A quantum mechanical treatment of low frequency noise in high-K NMOS transistors with ultra-thin gate dielectrics

Abstract

Our paper presents a quantum mechanical treatment of low-frequency noise in scaled NMOS transistors to extend the “unified” noise model and includes remote Coulomb scattering and surface roughness – the latter is a new consideration in the theory. Our experimental work focuses on scaled NMOS devices with a composite dielectric consisting of a 0.5nm SiO2 covered with a high-K, 1.6nm HfO2 with a metal gate. In the past, Coulomb scattering was assumed to arise from trapping centers located at the Si–SiO2 interface; however, this cannot give rise to a 1/f noise spectrum.
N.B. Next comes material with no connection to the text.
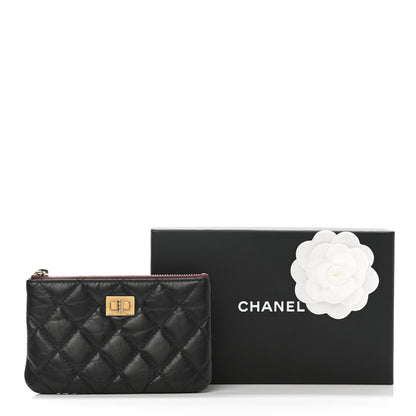 Chanel Aged Calfskin Quilted Small Reissue Cosmetic Case Black 9 of 9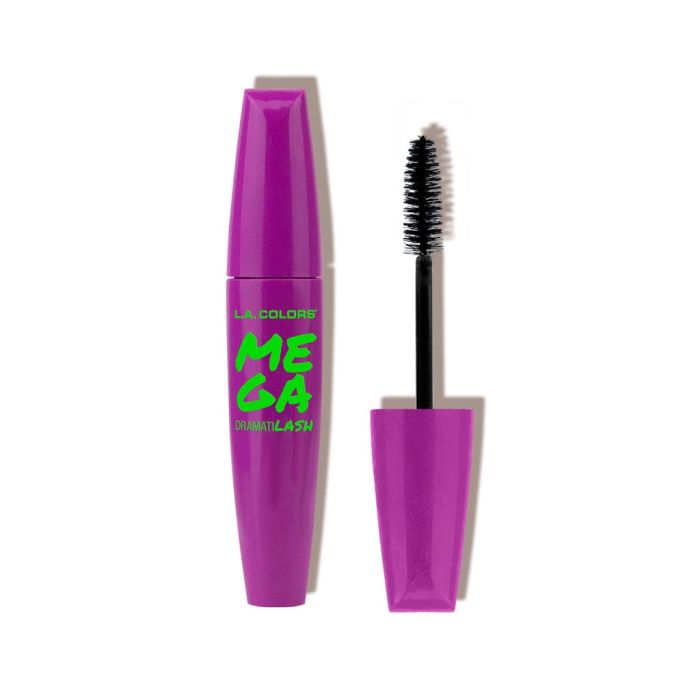 L.A. Colors Mascara Dramtilash Mega Plumping Intense Black CMS523 - 0.13 Oz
We model remote Coulomb scattering into the dielectric film as traps in these films easily lie within a tunneling distance from the interface. This approach explains the decrease in the Coulomb scattering parameter (α) as a function of gate voltage. In addition, we introduce surface roughness scattering through fluctuations in the normal electric field due to fluctuations in the free carrier density with a surface scattering parameter (β) proportional to the SPICE surface roughness parameter, θS. Good agreement is obtained between our model and experimental results for both IDS–VGS and the power spectral density, SId, characteristics in very strong inversion region where surface quantization of the 2D subbands is strong.